J & S Harrington wrote:
You have a very cool collection! The Spectacular Spider-Man cover of Tombstone takes me back. I was about 13 at the time and the scene at the end where Tombstone breaks Joe Robertson's back freaked me out.
I believe Gerry Conway was writing it at the time(The Spider titles could sure use him these days) and I loved Sal Buscema's art(easily the best Spectacular Spider-Man artist ever, probably one of the best Spider-Man artists, period).

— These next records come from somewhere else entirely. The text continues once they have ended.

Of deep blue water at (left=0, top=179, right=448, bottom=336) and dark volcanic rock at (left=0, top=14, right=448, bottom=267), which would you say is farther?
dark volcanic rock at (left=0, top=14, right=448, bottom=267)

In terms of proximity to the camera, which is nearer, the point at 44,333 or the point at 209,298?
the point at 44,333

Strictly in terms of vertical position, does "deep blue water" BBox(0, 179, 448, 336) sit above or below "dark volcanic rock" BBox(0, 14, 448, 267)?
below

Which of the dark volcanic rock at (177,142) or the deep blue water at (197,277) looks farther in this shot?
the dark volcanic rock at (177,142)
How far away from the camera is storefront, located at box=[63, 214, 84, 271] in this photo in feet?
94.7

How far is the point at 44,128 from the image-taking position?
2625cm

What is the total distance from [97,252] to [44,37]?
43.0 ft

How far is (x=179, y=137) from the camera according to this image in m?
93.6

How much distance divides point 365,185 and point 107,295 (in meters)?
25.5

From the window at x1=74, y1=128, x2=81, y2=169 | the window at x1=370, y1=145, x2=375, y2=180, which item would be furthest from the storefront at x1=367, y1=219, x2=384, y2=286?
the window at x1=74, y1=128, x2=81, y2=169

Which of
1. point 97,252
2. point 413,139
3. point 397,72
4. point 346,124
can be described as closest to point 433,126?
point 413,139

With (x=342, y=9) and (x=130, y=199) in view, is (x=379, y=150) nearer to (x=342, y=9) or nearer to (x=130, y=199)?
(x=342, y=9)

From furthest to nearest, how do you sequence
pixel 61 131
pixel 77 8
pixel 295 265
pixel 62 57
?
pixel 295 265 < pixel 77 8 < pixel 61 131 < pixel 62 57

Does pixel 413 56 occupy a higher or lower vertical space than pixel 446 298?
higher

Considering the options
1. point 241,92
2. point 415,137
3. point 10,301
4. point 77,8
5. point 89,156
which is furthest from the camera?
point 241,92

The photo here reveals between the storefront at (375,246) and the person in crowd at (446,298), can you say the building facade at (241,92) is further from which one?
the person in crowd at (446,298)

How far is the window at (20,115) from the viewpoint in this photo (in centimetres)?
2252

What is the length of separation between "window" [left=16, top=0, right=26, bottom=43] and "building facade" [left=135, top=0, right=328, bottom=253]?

I'm not a "the old days were better" kind of guy, but comics like this do remind you that there was a time when Spider-Man was about cool villains and good storytelling, not pointless gimmicks and mindless crossovers.
-J
Yeah, that was Gerry Conway writing at the time. I agree with a lot fo what you said, not just about how cool the story to this issue was, or how much the comics need writers as skilled as Conway is, but also with how progressively downhill modern comics are, story-wise, to those that came before them. Too many gimmicks, too much worrying about the trade and not telling a solid story every issue, too much use of lower end talent and superstars who can't meet a deadline, it's all come back to take a lot of the shine and luster from comics. It really isn't much of a wonder to me why comic sales today are in the dumper. But at least we have our back issues, and can remember and revisit great stories like this one.